[Exercise requirements]: Look below for the line containing "Siapkan wajan lalu", then write out that line and every line after it to the end, exactly, minus the pictures.

[Material supplied]:
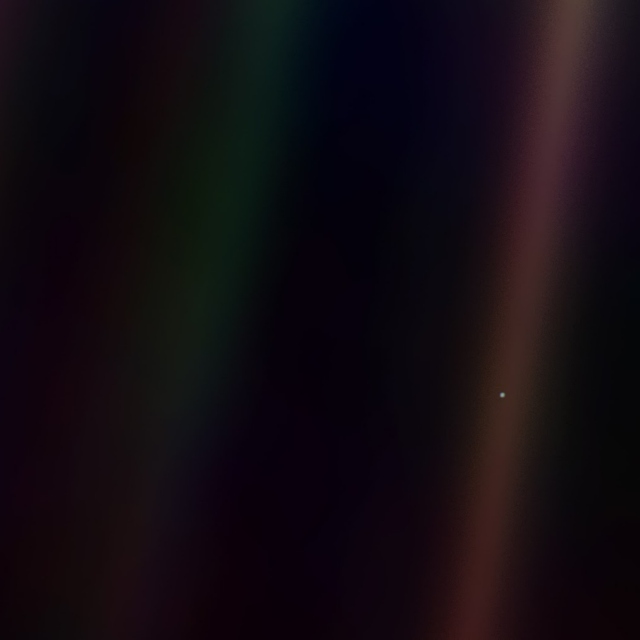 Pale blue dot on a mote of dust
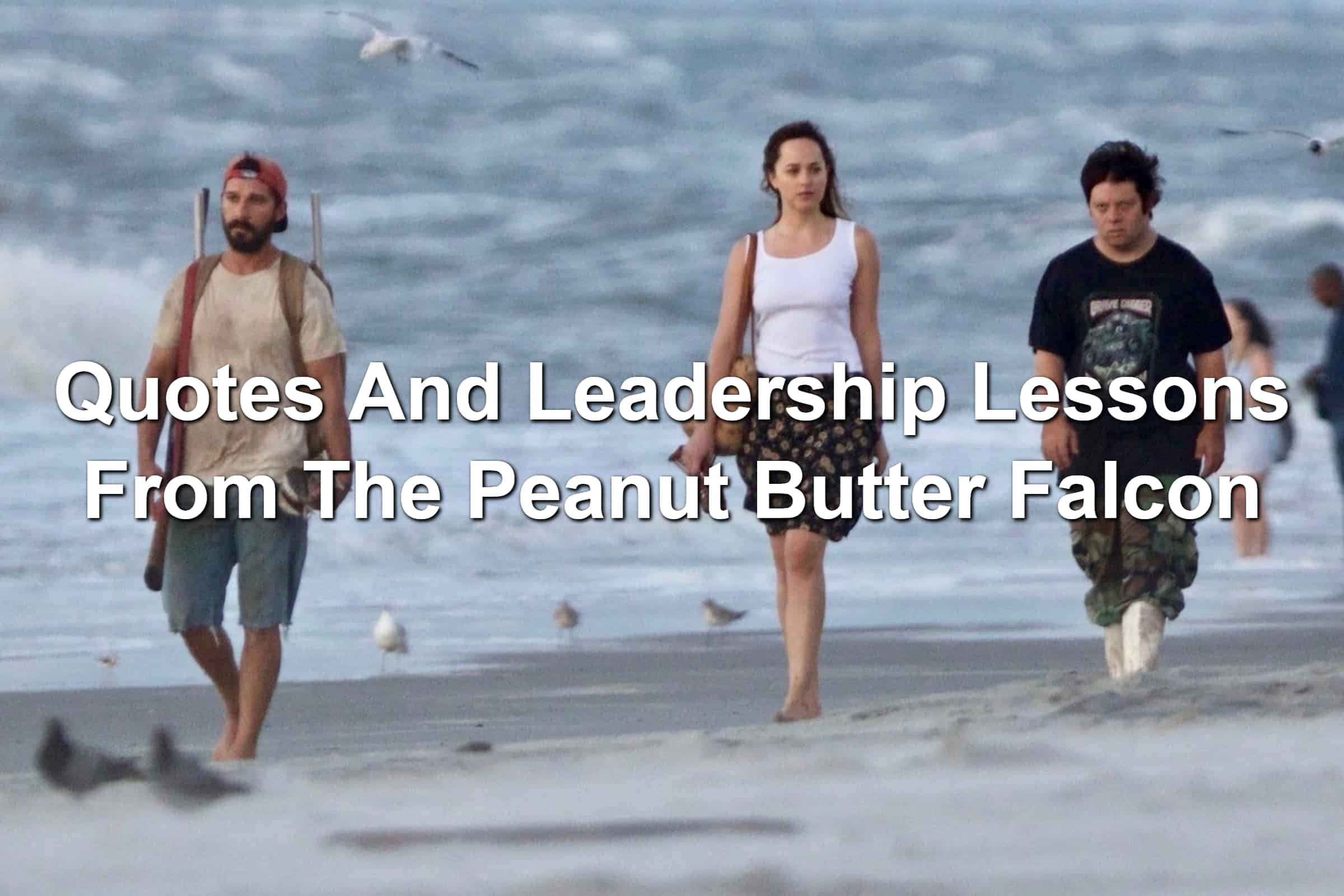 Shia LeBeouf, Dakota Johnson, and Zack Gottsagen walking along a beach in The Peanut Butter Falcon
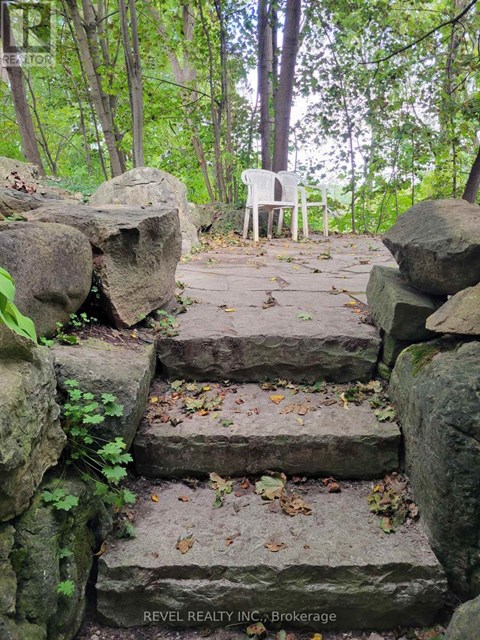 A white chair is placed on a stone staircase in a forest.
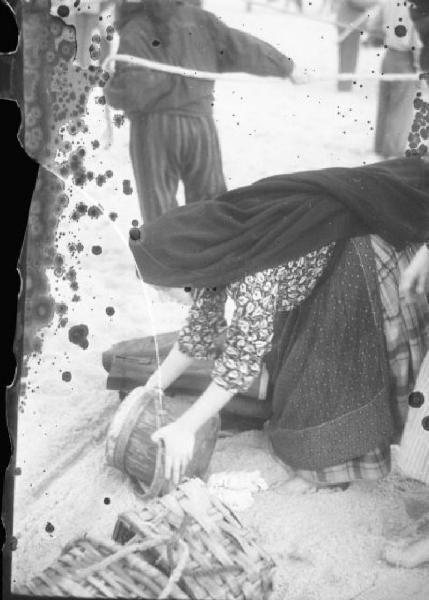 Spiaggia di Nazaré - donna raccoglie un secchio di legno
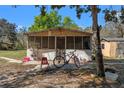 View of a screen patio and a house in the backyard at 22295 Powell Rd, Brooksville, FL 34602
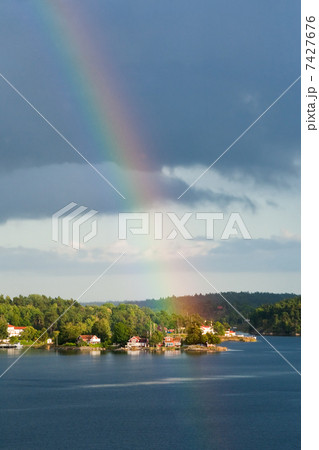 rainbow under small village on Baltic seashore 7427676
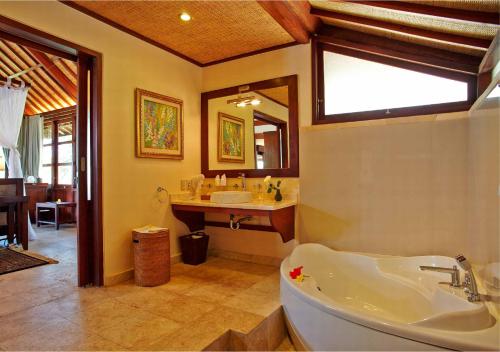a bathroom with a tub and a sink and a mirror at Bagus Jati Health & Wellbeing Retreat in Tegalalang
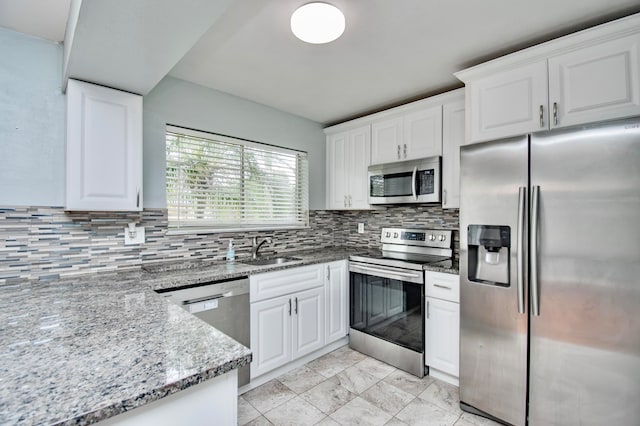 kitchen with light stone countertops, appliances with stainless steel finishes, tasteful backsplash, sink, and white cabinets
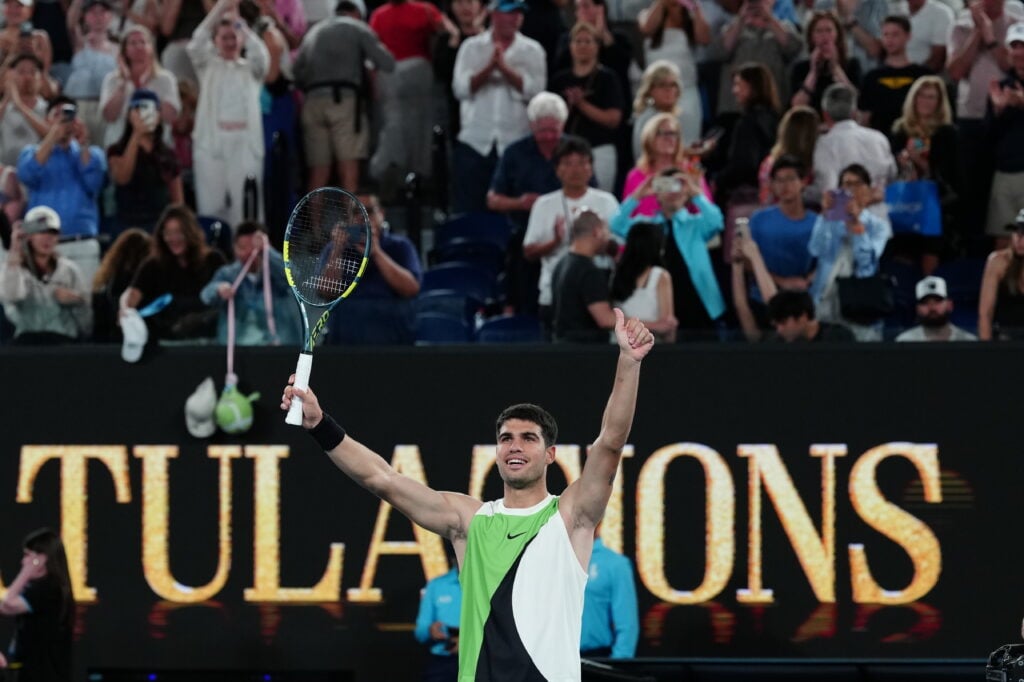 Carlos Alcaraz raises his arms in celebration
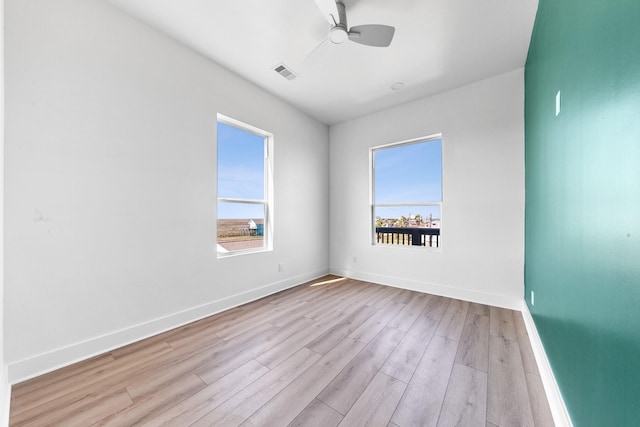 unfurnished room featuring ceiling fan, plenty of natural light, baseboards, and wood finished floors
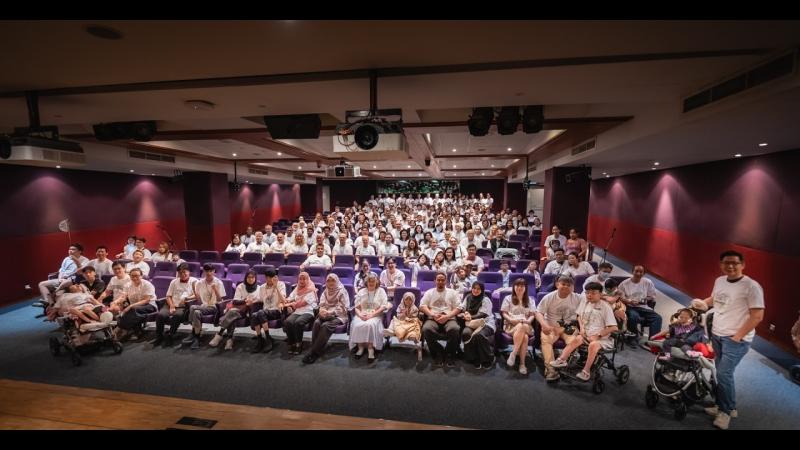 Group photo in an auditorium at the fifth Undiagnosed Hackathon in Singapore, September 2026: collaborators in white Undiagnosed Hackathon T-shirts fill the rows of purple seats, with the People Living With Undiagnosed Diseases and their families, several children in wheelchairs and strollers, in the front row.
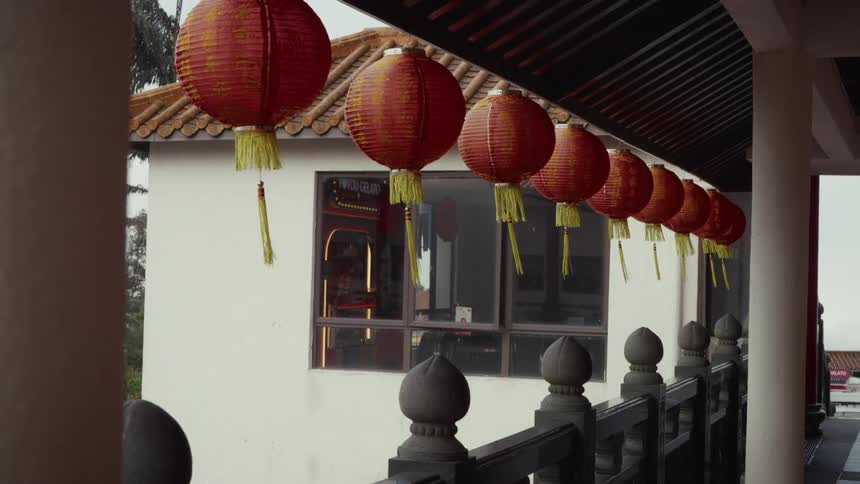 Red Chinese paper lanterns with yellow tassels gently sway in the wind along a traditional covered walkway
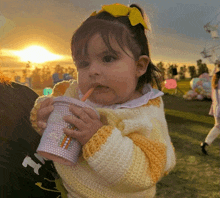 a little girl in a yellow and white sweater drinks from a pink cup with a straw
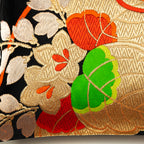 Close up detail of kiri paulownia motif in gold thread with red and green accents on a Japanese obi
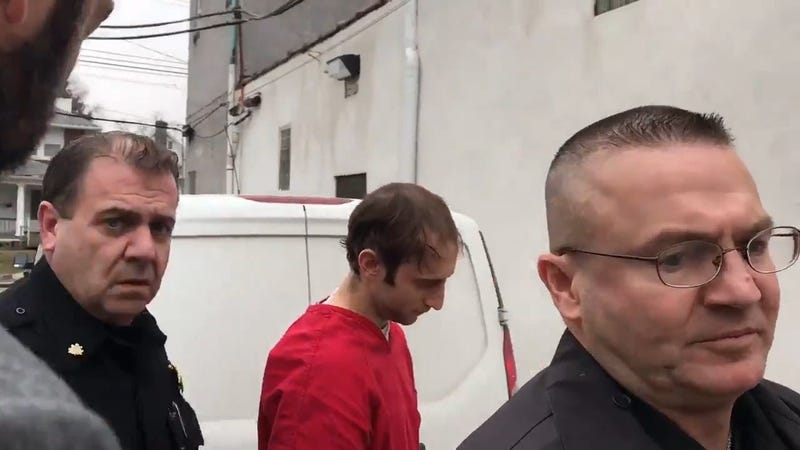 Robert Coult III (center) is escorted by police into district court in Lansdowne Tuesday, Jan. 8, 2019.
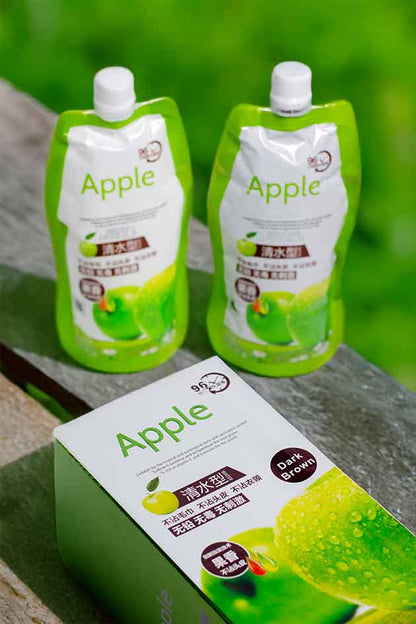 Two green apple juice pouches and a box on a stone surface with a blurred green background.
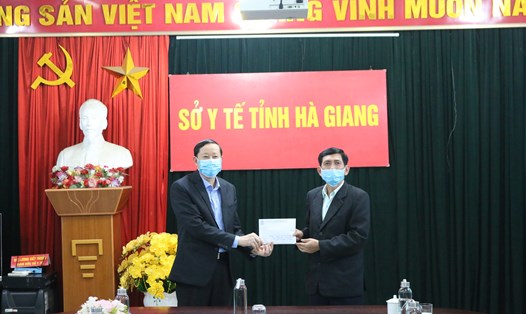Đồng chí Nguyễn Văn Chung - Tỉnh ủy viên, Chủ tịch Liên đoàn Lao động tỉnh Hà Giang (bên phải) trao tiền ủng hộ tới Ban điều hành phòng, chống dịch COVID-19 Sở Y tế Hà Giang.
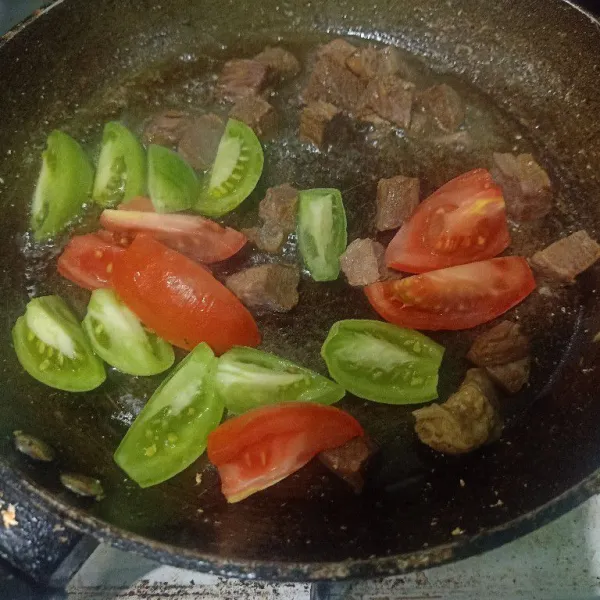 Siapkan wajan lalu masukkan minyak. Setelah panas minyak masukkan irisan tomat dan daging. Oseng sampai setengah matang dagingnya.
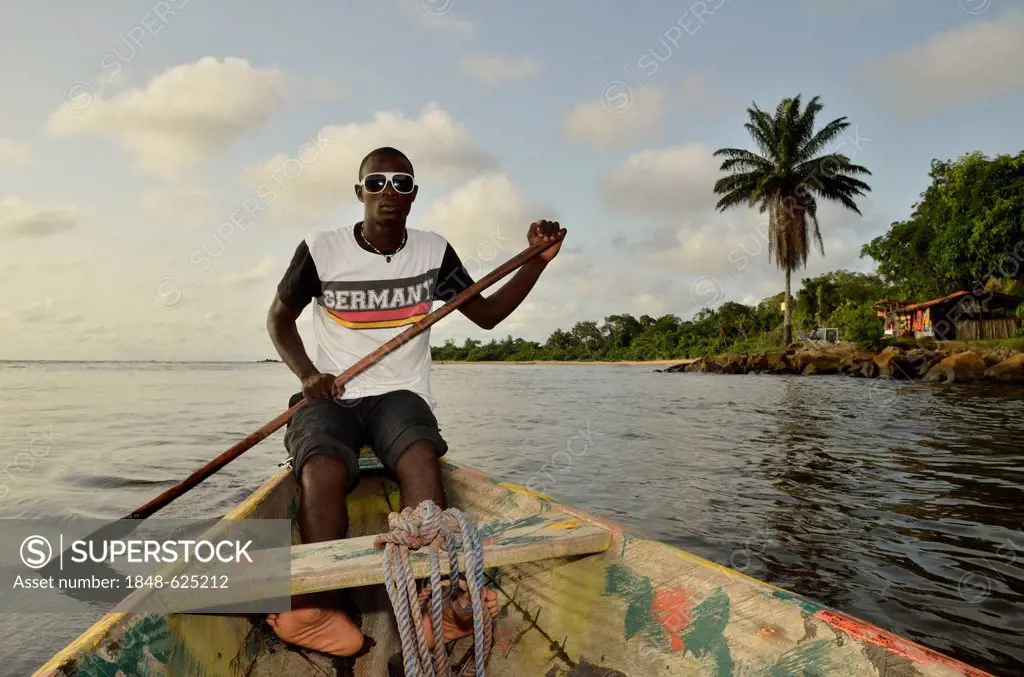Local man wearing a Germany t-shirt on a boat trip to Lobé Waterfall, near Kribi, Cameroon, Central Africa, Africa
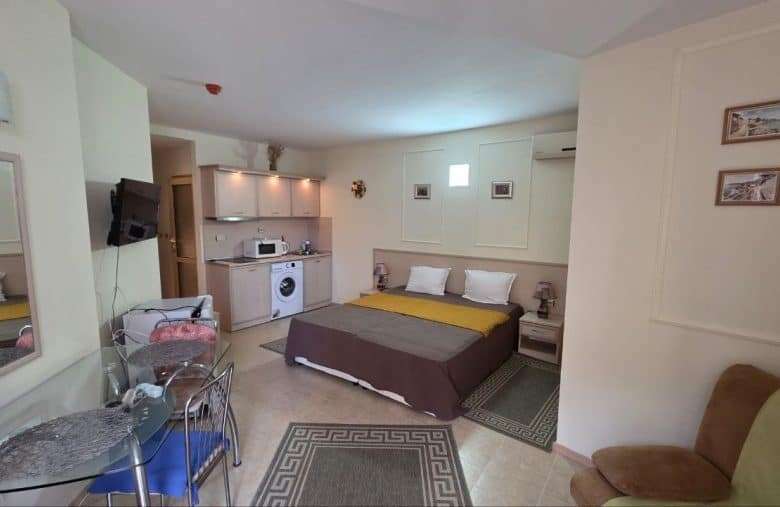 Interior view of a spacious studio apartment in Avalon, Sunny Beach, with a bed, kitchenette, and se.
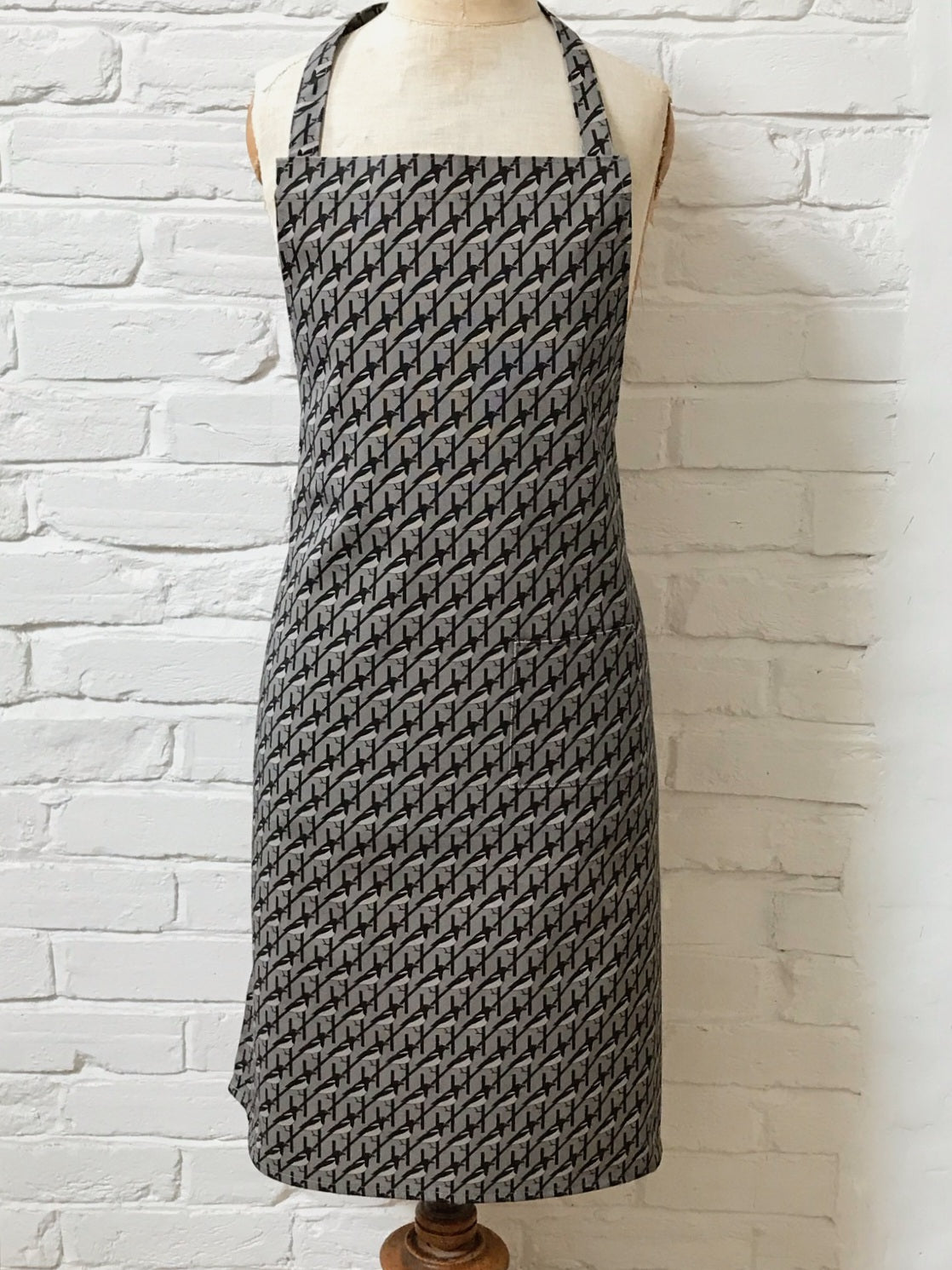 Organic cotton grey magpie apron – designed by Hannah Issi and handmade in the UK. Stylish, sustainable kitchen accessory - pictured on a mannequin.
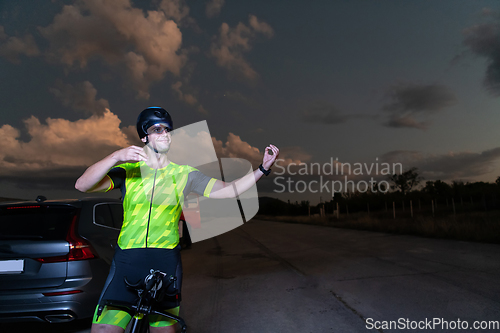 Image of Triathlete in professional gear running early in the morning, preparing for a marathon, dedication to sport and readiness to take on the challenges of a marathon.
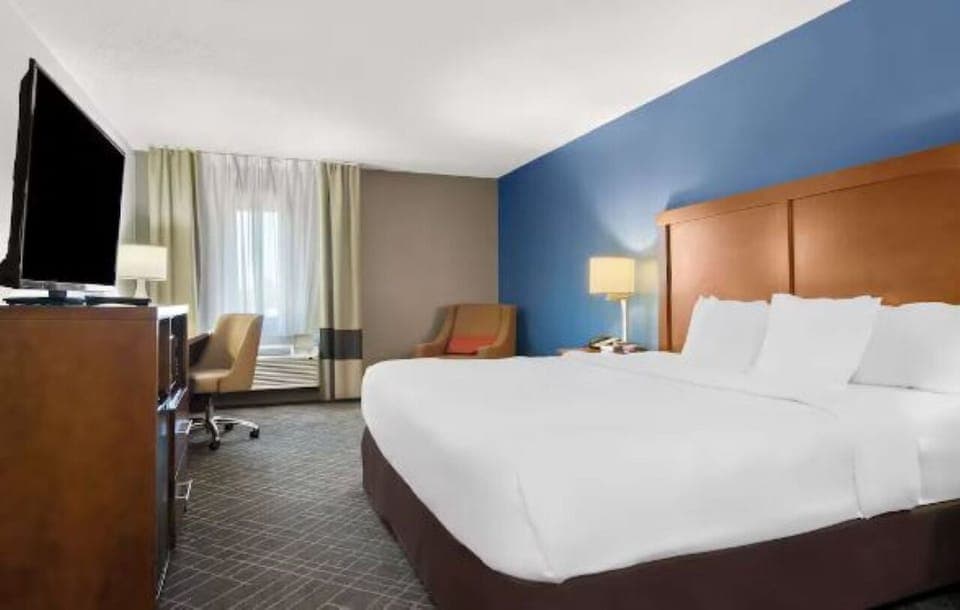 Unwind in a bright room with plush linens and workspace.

[Response]:
 Siapkan wajan lalu masukkan minyak. Setelah panas minyak masukkan irisan tomat dan daging. Oseng sampai setengah matang dagingnya.
Local man wearing a Germany t-shirt on a boat trip to Lobé Waterfall, near Kribi, Cameroon, Central Africa, Africa
 Interior view of a spacious studio apartment in Avalon, Sunny Beach, with a bed, kitchenette, and se.
 Organic cotton grey magpie apron – designed by Hannah Issi and handmade in the UK. Stylish, sustainable kitchen accessory - pictured on a mannequin.
 Image of Triathlete in professional gear running early in the morning, preparing for a marathon, dedication to sport and readiness to take on the challenges of a marathon.
 Unwind in a bright room with plush linens and workspace.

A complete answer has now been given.